(MATERIAL FOR THIS TASK)
————
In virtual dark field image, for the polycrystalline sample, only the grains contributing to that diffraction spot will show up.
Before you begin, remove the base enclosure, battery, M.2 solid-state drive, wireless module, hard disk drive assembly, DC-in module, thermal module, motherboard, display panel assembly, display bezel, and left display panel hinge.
————
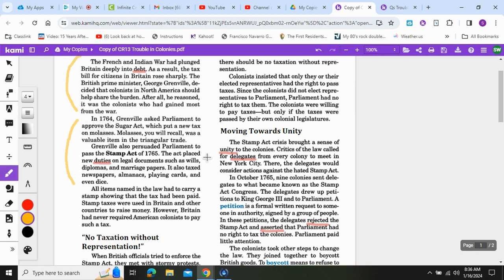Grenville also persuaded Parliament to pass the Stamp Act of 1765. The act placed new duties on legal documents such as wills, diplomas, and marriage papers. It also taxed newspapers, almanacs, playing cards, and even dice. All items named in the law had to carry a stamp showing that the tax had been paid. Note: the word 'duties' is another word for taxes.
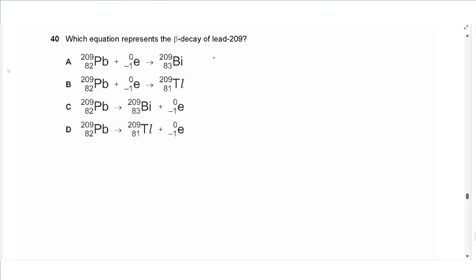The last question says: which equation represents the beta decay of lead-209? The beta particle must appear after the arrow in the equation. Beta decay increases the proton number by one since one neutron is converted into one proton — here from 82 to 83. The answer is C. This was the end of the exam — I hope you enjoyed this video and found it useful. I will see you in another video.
————
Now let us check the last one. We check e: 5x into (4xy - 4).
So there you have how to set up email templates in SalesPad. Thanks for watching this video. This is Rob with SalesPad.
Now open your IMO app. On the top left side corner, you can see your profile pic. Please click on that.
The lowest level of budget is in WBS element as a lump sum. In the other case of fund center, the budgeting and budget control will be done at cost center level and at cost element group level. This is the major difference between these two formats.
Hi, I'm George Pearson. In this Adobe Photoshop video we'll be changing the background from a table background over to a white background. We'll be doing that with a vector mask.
————
(ACTIVITY) Please show every line above that includes the word "left".

(ANSWER SPACE)
Before you begin, remove the base enclosure, battery, M.2 solid-state drive, wireless module, hard disk drive assembly, DC-in module, thermal module, motherboard, display panel assembly, display bezel, and left display panel hinge.
Now open your IMO app. On the top left side corner, you can see your profile pic. Please click on that.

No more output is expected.